I’m not yet ready to declare that such an activity officially makes Texas a “purple” state. We’re still red, although after the midterm election it looks as though Texas isn’t quite as red as it has been since, oh, forever.

Texas Democrats find the spring in their step

The just-concluded 2018 midterm election has produced a fascinating result in Texas.

The long-downtrodden Texas Democratic Party has rediscovered its mojo. Its members have a renewed spring in their step. They fell short in their goal of electing one of their own to a statewide office, but the fellow at the top of the ballot — Beto O’Rourke — came within 3 percentage points of defeating GOP Sen. Ted Cruz.

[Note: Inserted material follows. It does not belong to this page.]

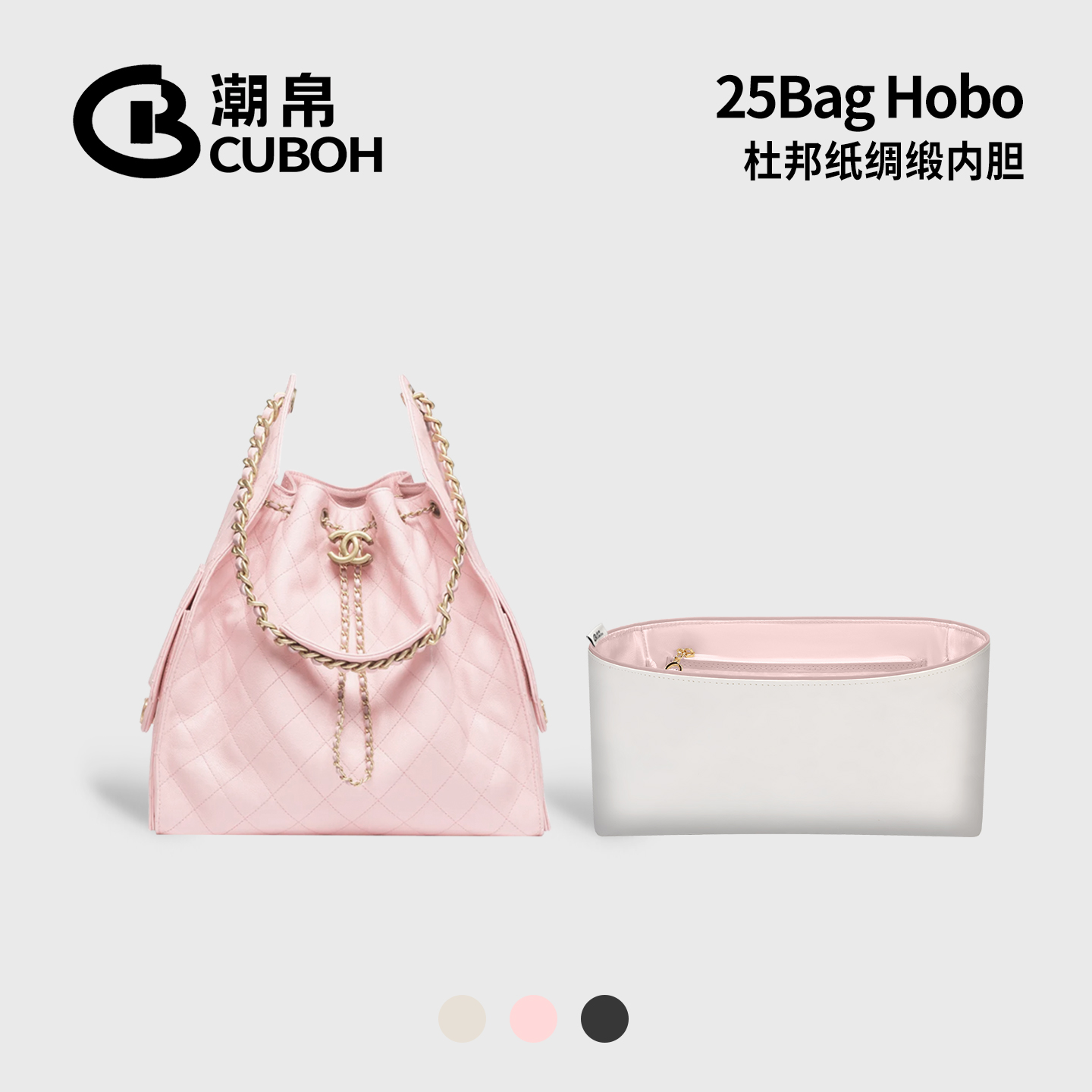 适用香奈儿25bagHobo杜邦纸内胆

That’s not supposed to happen in blood-red Texas, which hasn’t elected a Democrat to a statewide office since 1994; the last Democrat elected to the U.S. Senate was Lloyd Bentsen, in 1988.

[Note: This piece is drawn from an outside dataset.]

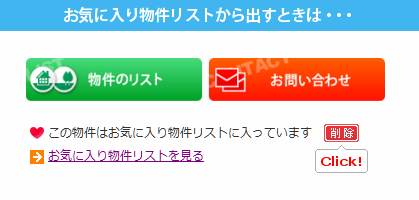 お気に入り物件リストから出す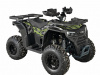 atv_basic_green_02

Now comes word out of Austin that the selection of the next Texas speaker of the House of Representatives will involve more Democratic votes among the 150 legislators.

Democrats carved into the GOP legislative majority. They’ll fill 67 seats in the 2019 Legislature; Republicans will occupy 83 of them.

That means Democrats will get to speak with a louder voice in determining who takes the gavel from Joe Straus, who didn’t seek re-election this year.

Democrats to join speaker fight

A Republican is a shoo-in to become the next speaker. That’s a given. My favorite for the speakership is my good friend Four Price, the Amarillo Republican who, in my view, would do a smashing job as the Man of the House. He is an ally of Speaker Straus, for whom I have high regard, given his torpedoing of the Bathroom Bill in 2017.

However, it’s good to see a semblance of two-party rule returning somewhat to the Texas House. The GOP remains the pre-eminent political party in a state that once was dominated by Democrats.

As for O’Rourke, I’m quite sure that Democratic Party loyalists and activists are getting way ahead of themselves by suggesting Beto should consider running for president in 2020. A better option might be to challenge John Cornyn for the U.S. Senate two years from now.

However, O’Rourke’s legacy for the state well might be that his presence on the ballot and his near-victory over the Cruz Missile has energized a political party that’s been in a hang-dog mood for as long as anyone can remember.

Beto loses, but in a way he wins

I cannot recall a time — before now — when a candidate has lost a campaign for public office and then is mentioned as a possible presidential candidate in just two years.

Beto O’Rourke came within 3 percentage points of defeating Ted Cruz for the U.S. Senate seat in Texas. O’Rourke is a Democrat; Cruz is the Republican incumbent senator.

That’s a big deal worth mentioning, given that Texas hasn’t elected a Democrat to any statewide office since 1994. The last Democrat to win a U.S. Senate race was the late Lloyd Bentsen, who was re-elected to the Senate in 1988 while he was losing his race to become vice president on a national ticket headed by Democratic presidential nominee Michael Dukakis.

O’Rourke gave Cruz all he could handle. He gathered more than 4 million votes out of 8.2 million ballots cast. O’Rourke ran as a progressive Democrat. He didn’t tack to the middle. He carried his progressive message to every one of Texas’s 254 counties. He told the folks in the Texas Panhandle the same thing he was telling them in Dallas County, Travis County or Harris County.

O’Rourke led a Democratic Party slate of candidates and perhaps helped down-ballot candidates make their races more competitive. Mike Collier lost the lieutenant governor’s race by about 4 percent; Justin Nelson came up short in the race for attorney general by the same margin. Virtually all the Democrats on the statewide ballot were competitive in their races against Republicans; the exception was Lupe Valdez, who got hammered by Gov. Greg Abbott.

So, what does the future hold for Beto O’Rourke? Hmm. Let’s see. Oh, John Cornyn’s seat is up in 2020. Might there be another Beto candidacy for the Senate in the offing? He isn’t being cast aside as a has-been, having lost his bid to defeat Sen. Cruz.

Indeed, he is continuing to be hailed in many corners in Texas and around the nation as a potential political superstar.

And to think that Beto is basking in this standing as a losing candidate. Go … figure.